Ora, mais do que avaliar, sob o ponto de vista jurídico, se a PRT de 1996 era ou não aplicável às relações laborais destes trabalhadores entretanto filiados no Sindicato autor (CESP), e até de se poder concluir que a avaliação da ré assim feita estava incorrecta – e das controvertidas repercussões desse hipotético erro na eventual formação do uso -, o conhecimento pela ré da referida filiação sempre constituiria um pressuposto para a referida aplicação.
Isto é, se não foi dado conhecimento à ré que os seus trabalhadores entretanto se filiaram em determinado Sindicato, no caso o autor, também a ré não tinha que reequacionar qual o IRCT que lhes era aplicável, pois sobre ela não impendia qualquer obrigação de, a todo o momento, diligenciar por aquela informação.
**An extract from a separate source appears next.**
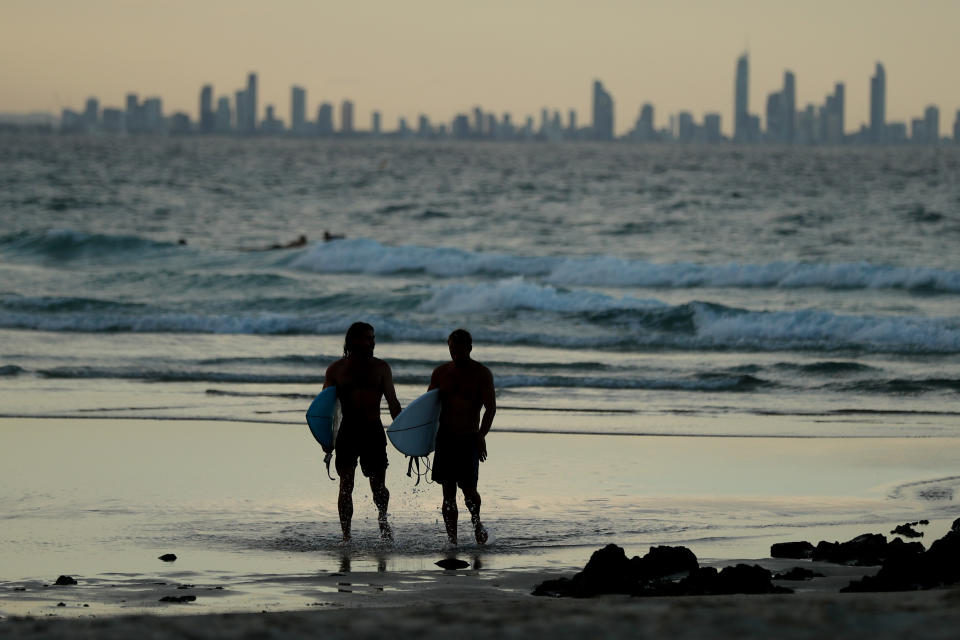 People on the beach at Snapper Rocks which is on the Queensland and New South Wales border at Coolangatta.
Daí que, em nosso entendimento, o tempo decorrido entre a data da filiação de cada trabalhador no Sindicato autor e ao mês de Setembro de 2000, em que a ré deixou de pagar a esses trabalhadores o subsídio de refeição, sempre seria irrelevante para efeitos de constituição de um uso laboral, pois, independentemente de qualquer eventual erro em que pudesse incorrer a ré quanto a tratar-se de uma prática reiterada mas sem a convicção da sua obrigatoriedade, sequer dos factos provados resulta que a ré pudesses fazer esse juízo, e eventualmente concluir, logo aquando da filiação de cada trabalhador, que deixou de lhe ser devido o pagamento de subsídio de refeição.
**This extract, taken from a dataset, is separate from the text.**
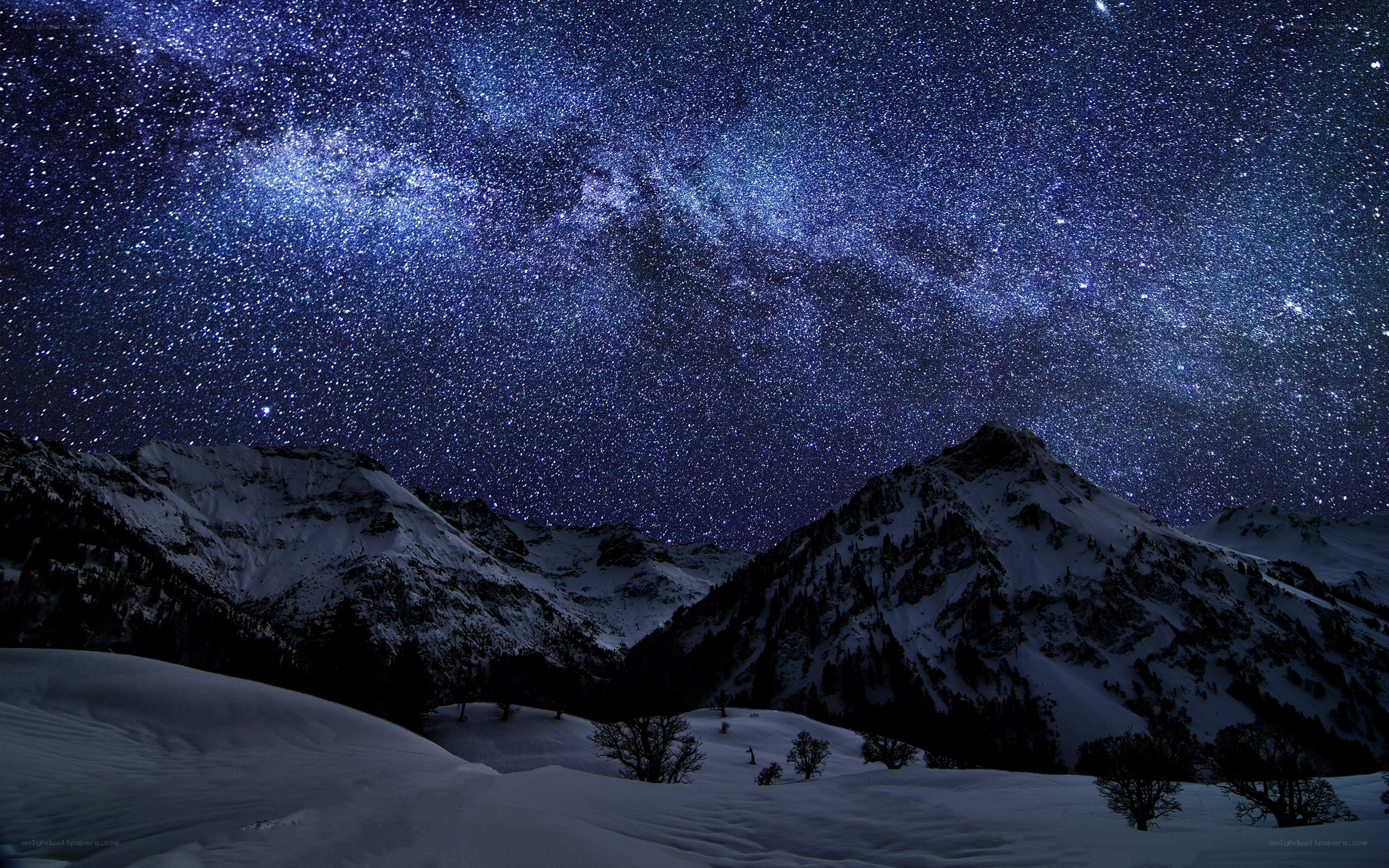 Milky Way over snowy mountains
Uma última nota a propósito desta temática:
O recorrente diz (por ex., conclusões 15 e 16) que decorre da natureza da entidade patronal (v.g. horários rotativos, de dia e de noite, e jornada contínua) a obrigatoriedade de pagar subsídio de refeição, ou fornecer as refeições, ainda que sem qualquer IRCT aplicável.
Ora, para estas (eventuais; nos autos não ficaram demonstradas) situações rege o n.º 4 da cláusula 17.ª da PRT de 1996, que estabelece: “O disposto nos números anteriores não é aplicável aos trabalhadores que, no interesse da instituição, devam nela permanecer nos períodos das refeições e ou durante a noite, aos quais serão fornecidos alimentação e ou alojamento gratuitos.”

Em conclusão, improcede também para nós a tese do uso laboral defendida pelo autor.

Se não há uso laboral a considerar, então prejudicado fica conjecturar sobre as suas possíveis consequências, v.g. ao nível do contrato de trabalho de cada trabalhador em causa, e da sua eventual articulação com o IRCT/Portaria tido como aplicável a essas relações laborais.

Quanto à invocada violação dos princípios da igualdade e da não discriminação, escreveu-se na decisão recorrida:
“Alega, ainda, o sindicato A., de modo genérico, diga-se, que a R. provocou uma discriminação em função da sua filiação sindical, já que retirou às trabalhadoras representadas pelo A. o subsídio de refeição, apenas com o conhecimento da filiação sindical. Importa, pois, analisar a questão na perspectiva do princípio da igualdade de tratamento.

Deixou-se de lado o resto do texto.